There's a lot of focus these days on bottle flavoring and carbonating of kombucha. Especially for those interested in home brewing kombucha, the simple reality is that most people got their start in 'buch through trying store-bought kombucha, making this focus understandable.
The issue I'd like to address is the effect RTD (ready-to-drink) kombucha has on home brewing efforts.
Carbonation - Nice, but necessary?
One resounding effect the RTD industry has had on nascent home brewers has been the viewpoint that kombucha is an effervescent beverage. I can't disagree that kombucha is highly desirable and refreshing as an effervescent beverage.
But does it have to be?
The answer is no. Un-carbonated kombucha is just as much kombucha as is carbonated 'buch. Just like un-carbonated water is still water, the carbonated counterpart still tastes fine and is refreshing.
Conversely, think about wine. The majority of wine available is not effervescent at all, but does that mean that champagne isn't wine?
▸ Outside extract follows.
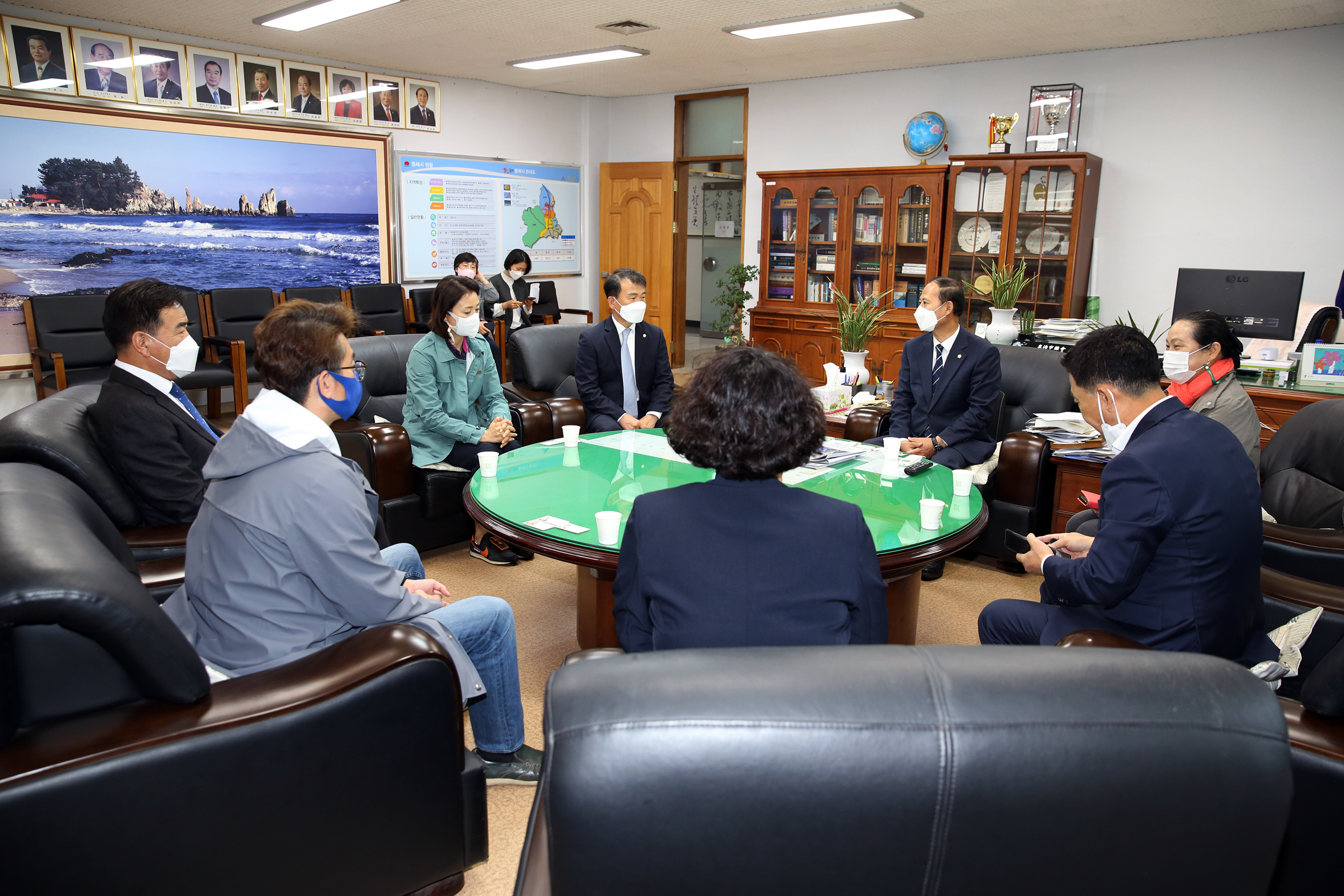 동해시의회 의장단과의 차담회(재정건설위원회 비교시찰) 2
My point is this - as a home brewer, your only responsibility is to yourself, to produce kombucha that you enjoy. To obtain an effervescent kombucha is a fun, often variable process, and a kind of seal of success, but is not necessary. You can flavor kombuchas based on this consideration; one of my favorites is mulled kombucha.
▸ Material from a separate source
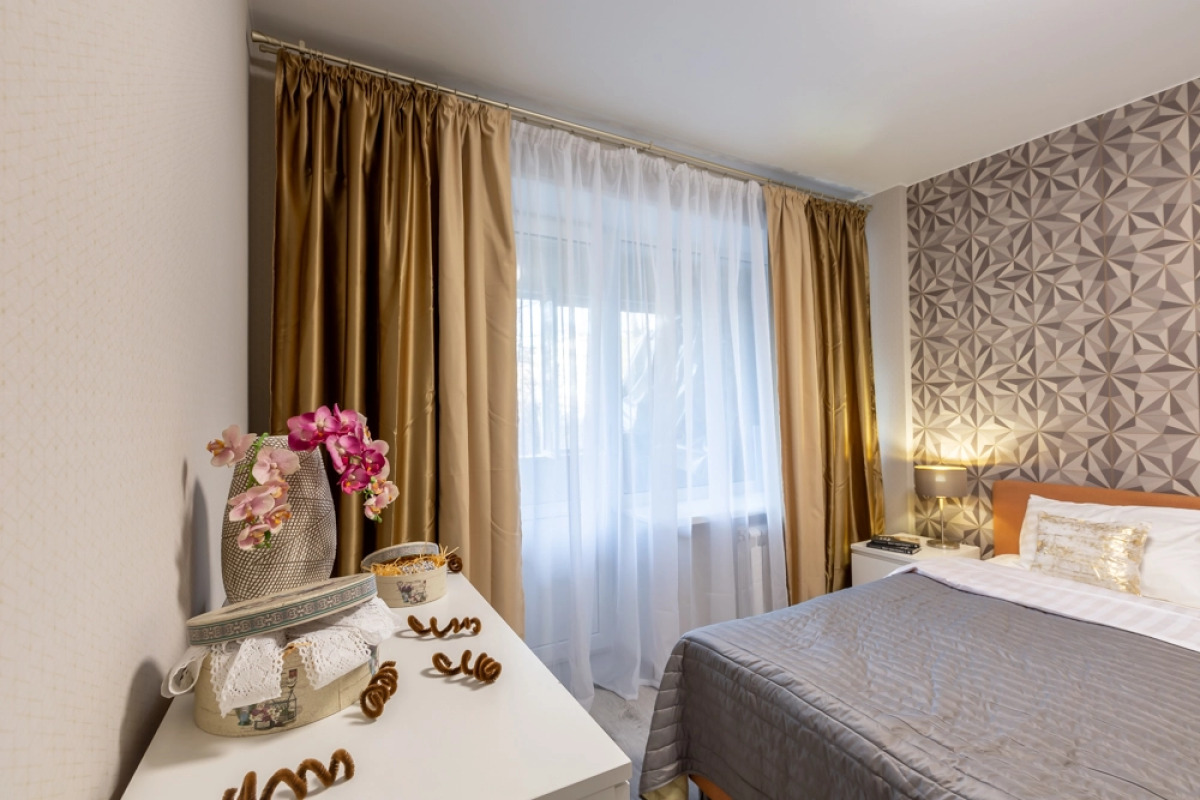 Апартаменты Кварт-Отель, Плющиха, 42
Is it more important to have good flavor or good carbonation?
In home brewing I try to put the greatest emphasis on flavor and let carbonation be a lesser concern, at least for home bottling. People with a keg and CO2 system can achieve carbonation very quickly.
We've all been there before. You are craving a tasty, flavorful kombucha (these are not mutually exclusive) so you head to the RTD aisle at the grocery store. You choose a bottle and go along on your way. Maybe it's too sweet, or perhaps too sour. It might even seem watered down. But hey! It's definitely carbonated.
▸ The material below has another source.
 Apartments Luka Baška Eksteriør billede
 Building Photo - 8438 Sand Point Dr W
The flavor should be spot-on, even if the carbonation isn't.
And it's clear enough RTD kombucha has hardly stepped beyond the constant flavor additions that make kombucha taste exactly like this or that fruit, herb or familiar beverage. Not to say these can't be delicious - but I'm pretty sure I know what, say, a beet tastes like, not to mention mangoes, or blueberries, ginger, etc. These are tried and true kombuchas that are classics and will always be delicious. We, as home brewers, can choose to accept or reject that same path and forge into uncharted territory.
What makes 'buch 'buch?
Tea is the heart and soul of kombucha
Kombucha is based on tea. Not on fruits, vegetables, spices etc. So why cover up your beautiful kombucha with other stuff that makes it taste like something else? Not that it can't be fun, or that it's not tasty. But we have the opportunity to create something totally unique and special.
Set aside some of your brewing time, vessels, ingredients, etc. to resisting the emulation of any drink you've ever had before. Use the time to explore what makes 'buch interesting, rather than what makes 'buch taste familiar.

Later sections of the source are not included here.